APRIL 1ST AND 2ND, 2017 – TORNADO TURMOIL
Total miles traveled on Dive and Drive USA in eight days: 1,578 miles
The first of April seemed like a less-than-funny April Fool’s prank. It started out with a bright sunny morning at Fontaine Bleau State Park. We made breakfast, packed up, and left to find a Starbucks or other internet filled coffee house. We found a good WiFi connection and set down to do a morning of work. We finished up some writing and planned the next few days of our journey. Holly Beach tonight and diving in Houston the next day! We were going to get underwater at Lake 288 with the Gigglin Marlin, a PADI dive shop in Houston. The Gigglin Marlin had been super supportive and offered advice on dive locations and even to let us use their tanks and weights! We couldn’t wait!
We left the coffee shop and headed west! We planned on camping on Holly Beach, Louisiana. The beach is long, sandy, scenic, and offers free beach camping with few amenities.
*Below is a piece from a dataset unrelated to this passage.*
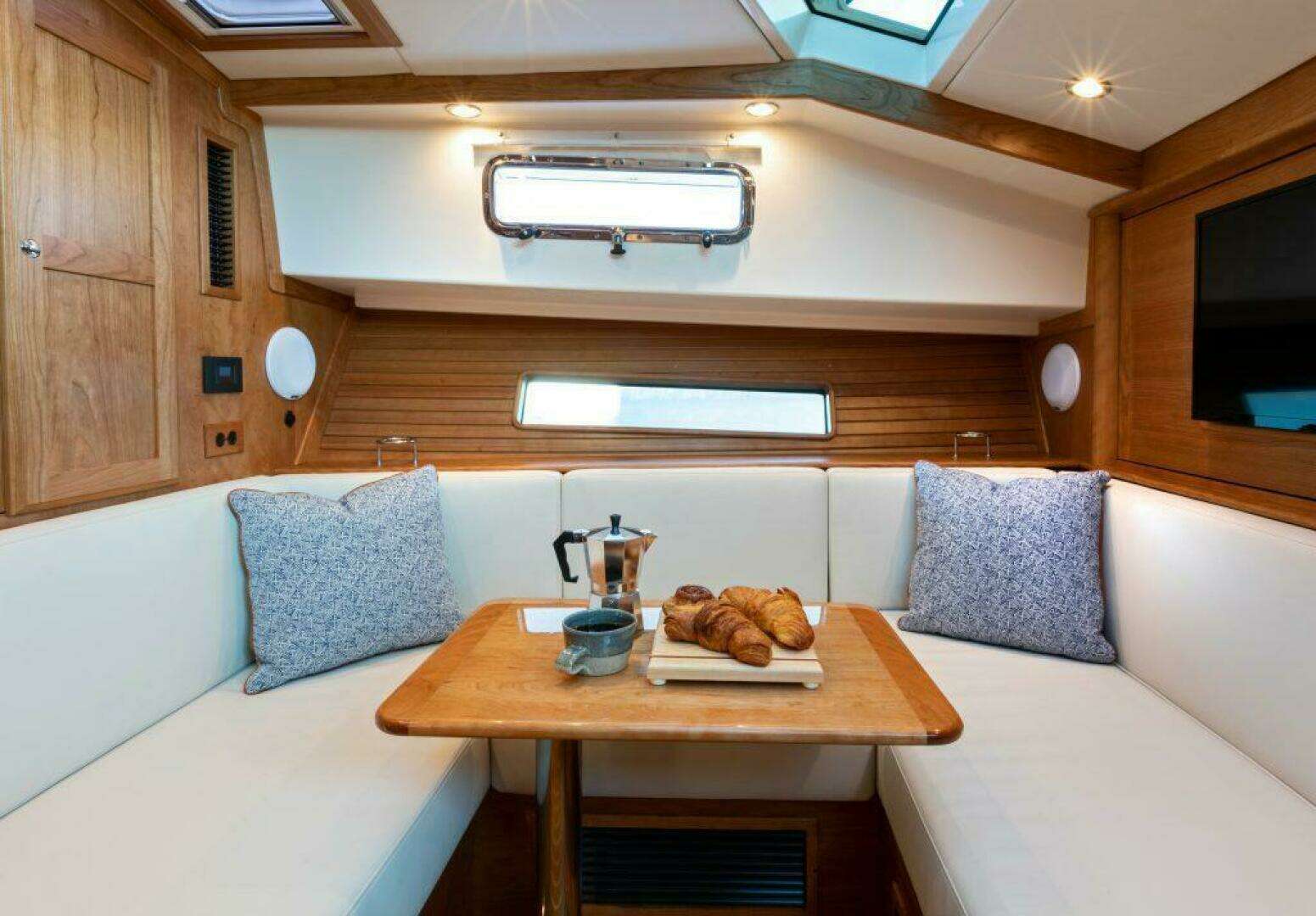 2027 Sabre 43 Salon Express - Image 23
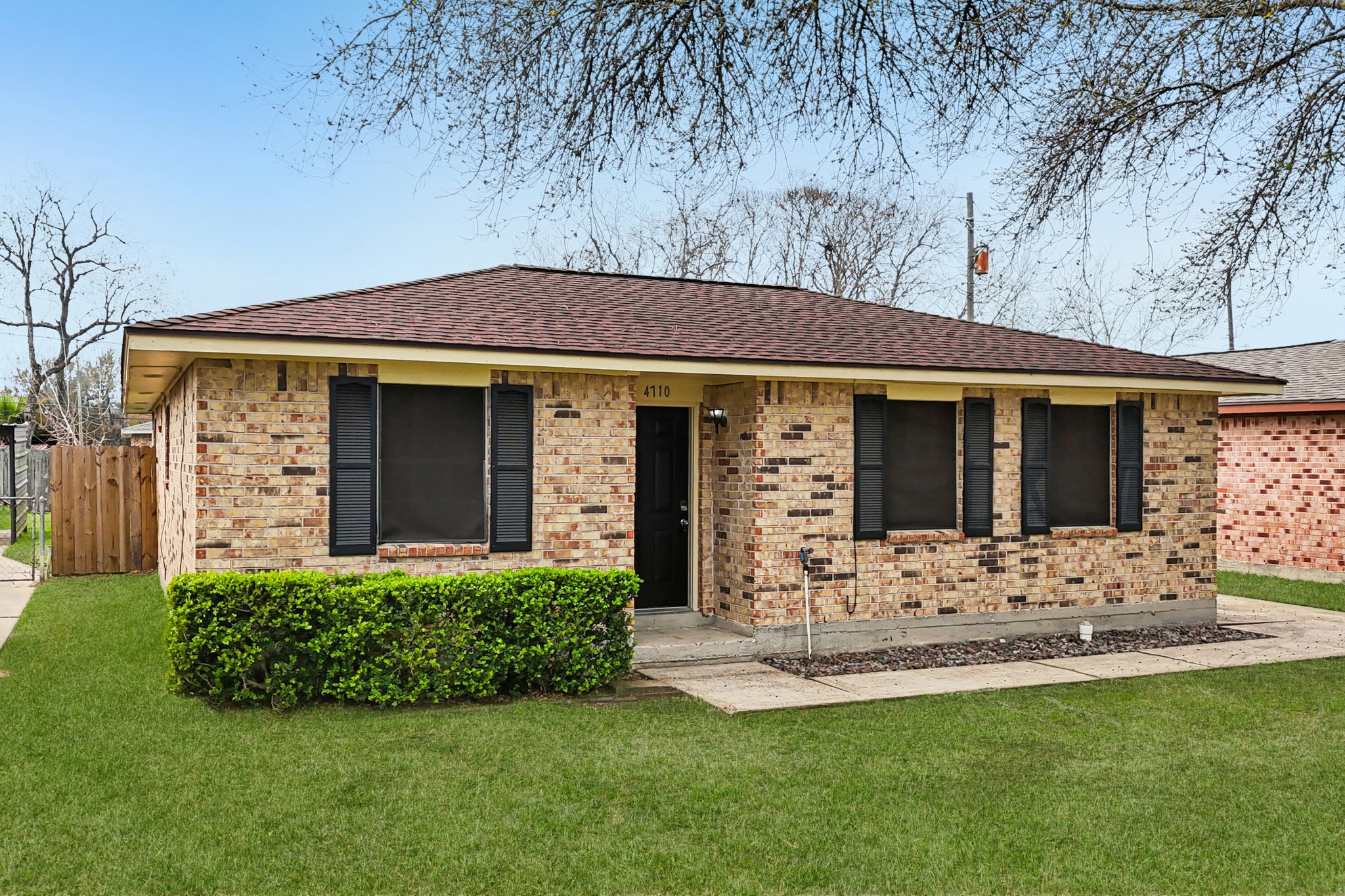 Pine St-L2102-039.jpg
It sounded perfect and it was in the right price range! The trip to Holly Beach was pretty uneventful, just some beautiful driving through the Louisiana Bayou country!
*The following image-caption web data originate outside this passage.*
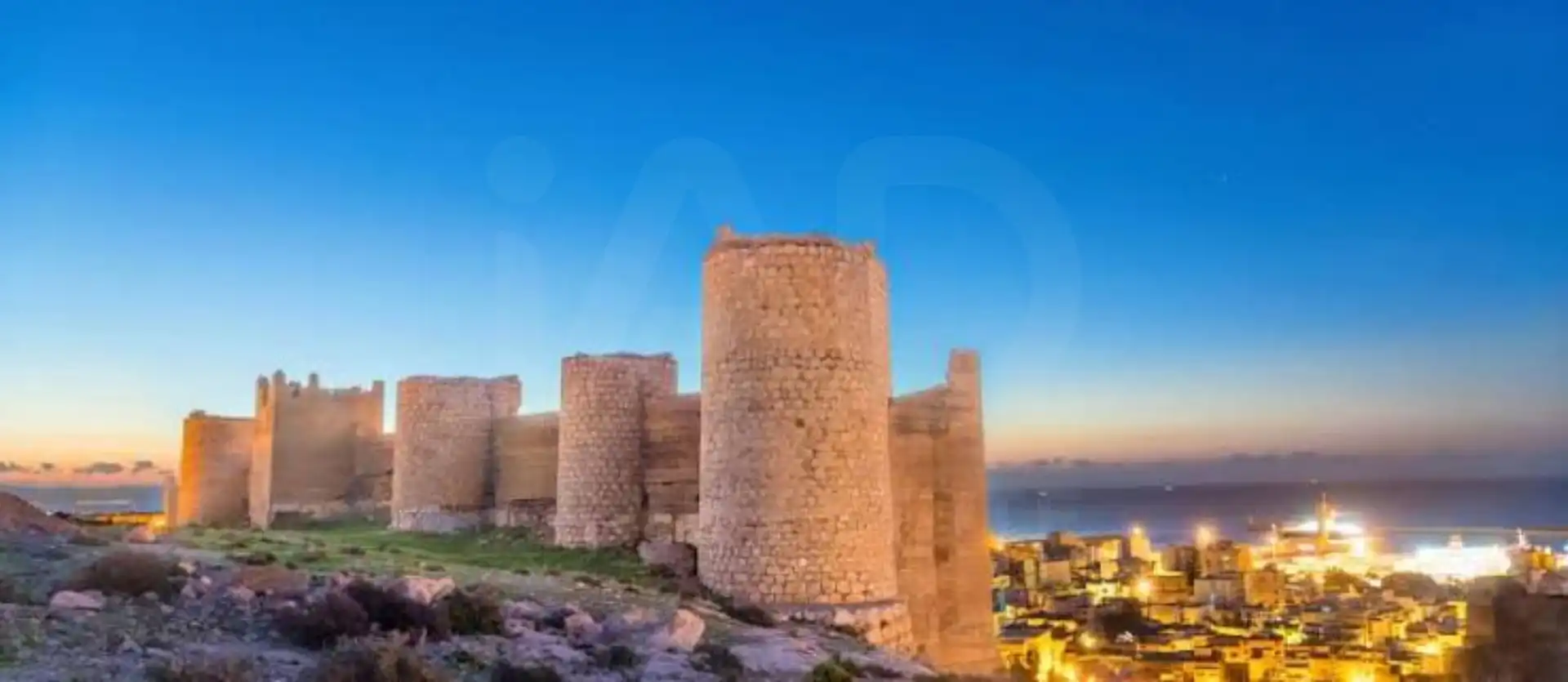 Vista exterior de Piso en venta en Almería con Aire acondicionado, Calefacción y Terraza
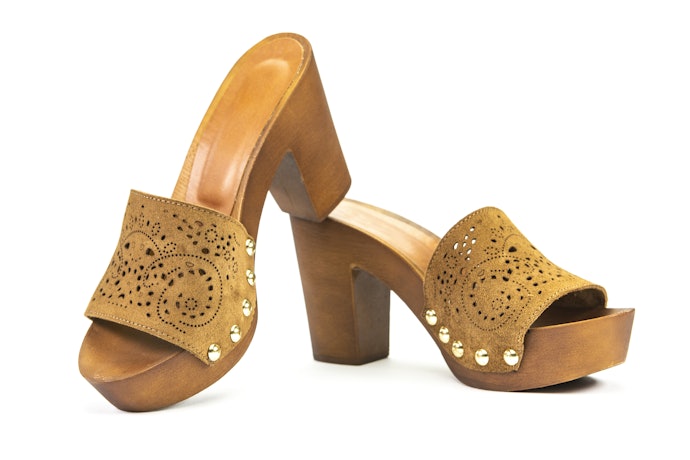 Sandal wedges atau heels, lekatkan kesan feminin dan kaki jenjang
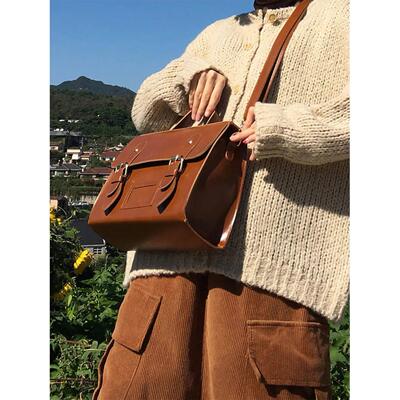 Vintage Unisex Style Handheld Leather Bag Male and Female Bl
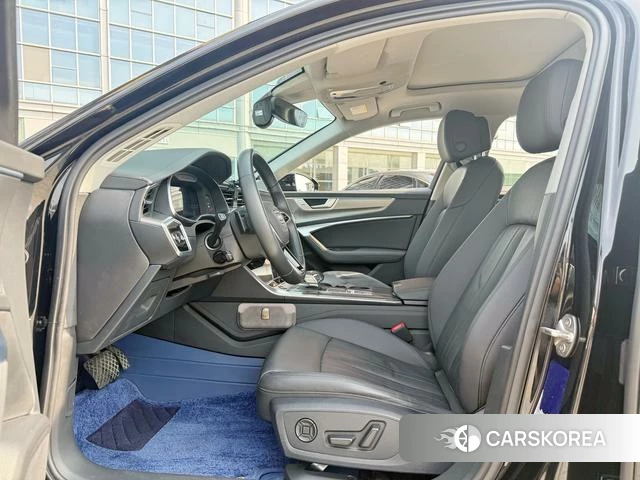 Audi A6 (import) 2022 Черный из Китая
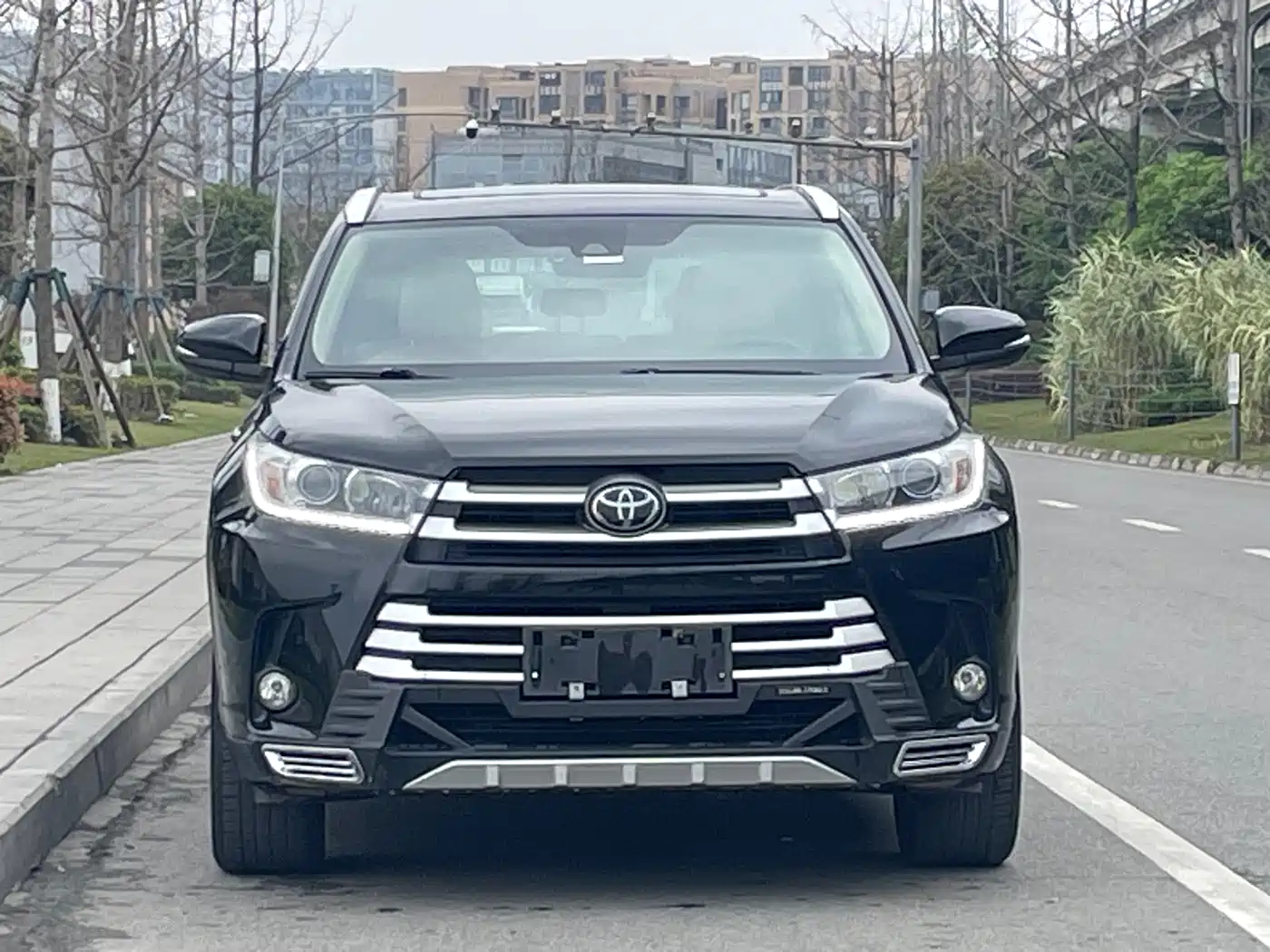 TOYOTA HIGHLANDER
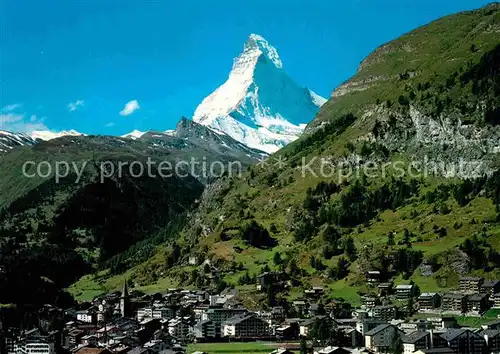 AK / Ansichtskarte Zermatt VS Panorama mit Blick zum Matterhorn Walliser Alpen Kat. Zermatt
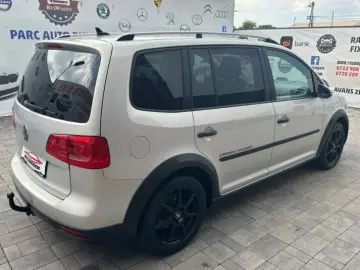 Volkswagen TOURAN CROSS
As we got close to the beach, we noticed all the grass land moving… a lot! The wind was whipping across these flat, tree-less waterways. The tall grass and canals suddenly gave way to stilted houses and sandy beaches. It was beautiful! And SO VERY windy! The waves were crashing and the wind was throwing sand everywhere!
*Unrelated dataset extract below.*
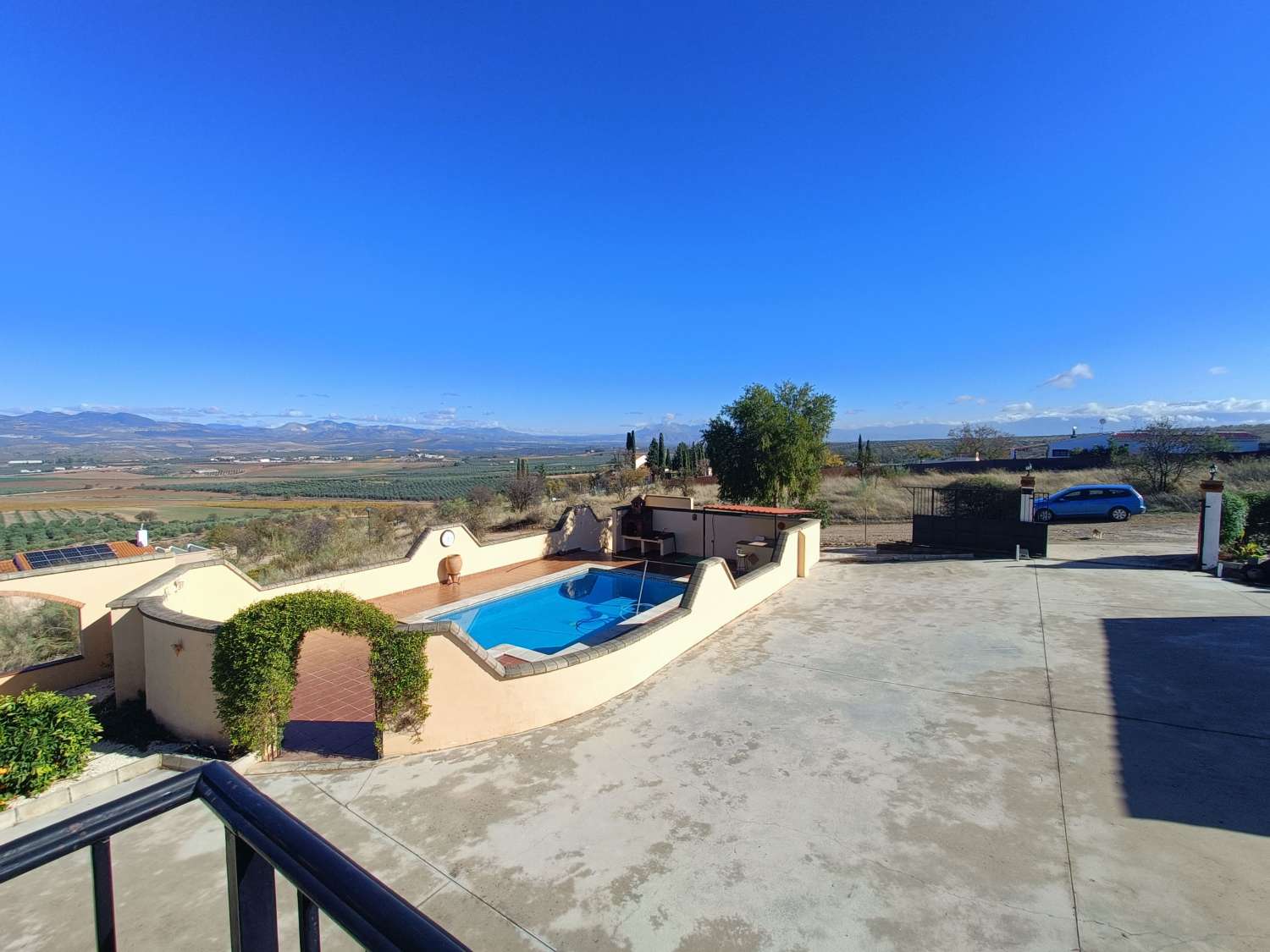 Talo myynnissä Moraleda de Zafayona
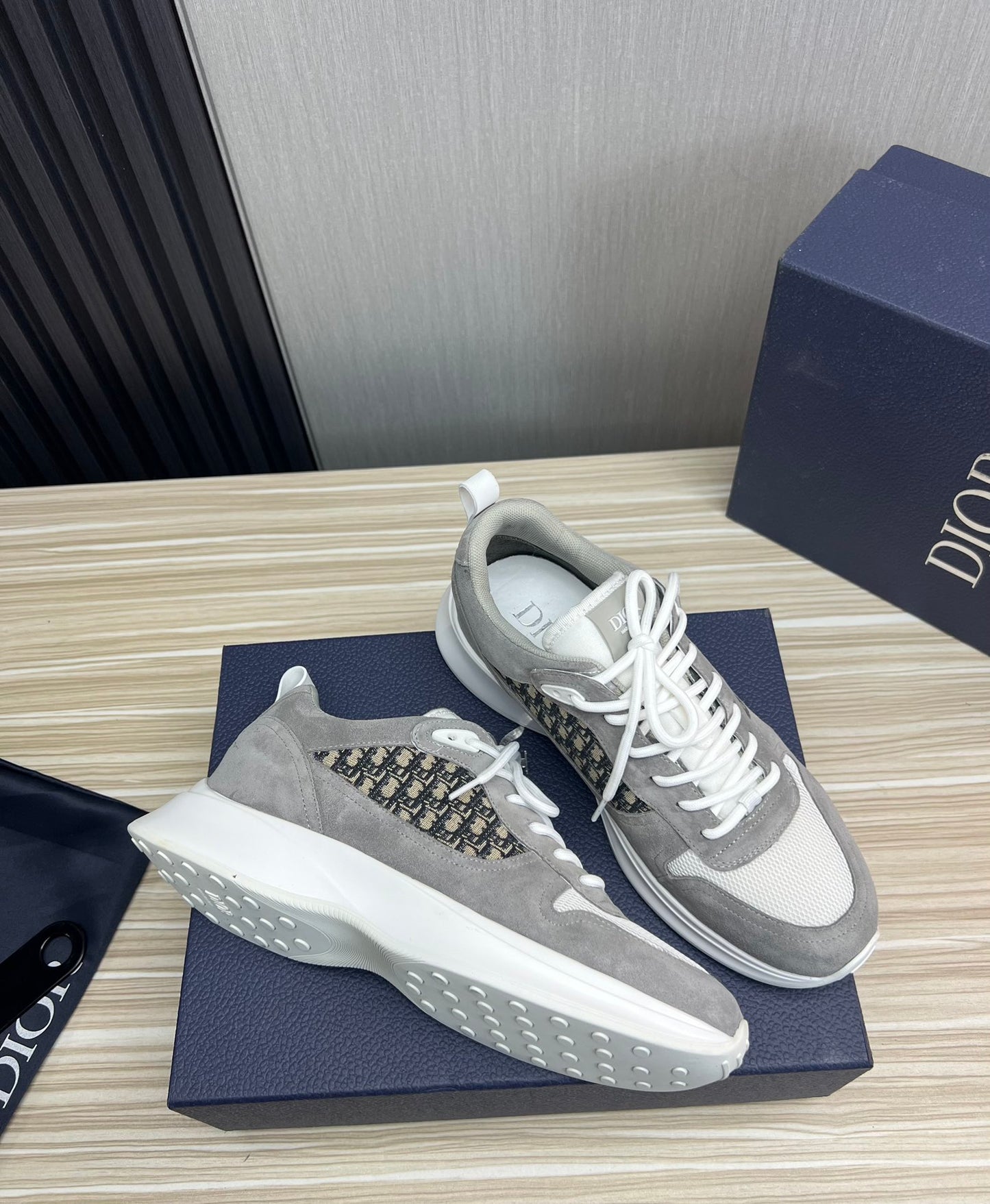 Dior B25 Runner Sneakers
We paused and thought about our options. We decided to cook supper and then sleep in the back of the car. We unloaded the back, set up a “wind-proof kitchen” and made some beef stew. While we sat in the car and ate, the best restaurant ever, we realized the wind was actually picking up. This wasn’t going to work. There was a storm coming and the beach was very exposed.
Just after sunset we pulled off the beach and drove through the dark, headed for Texas! Our highway led strait into Port Arthur so that’s where we went. In the dark, on the horizon, Port Arthur looks like a sprawling city with bright, lite-up high rises everywhere! It looked like we were pulling into a major city with plenty of places to stay out of the storm. As we got closer, Christine wondered out-loud why several of the “tall buildings” were flaming? What were we really looking at? Refineries! Huge, sprawling refineries all coved in yellow lights and flaming towers. They looked like medieval castles in the dark! What we thought was a big city, was just empty oil refineries. Somehow our rout took us away from the town and all hotels and straight through the industrial district. All this oil and gas and we couldn’t even find a gas station!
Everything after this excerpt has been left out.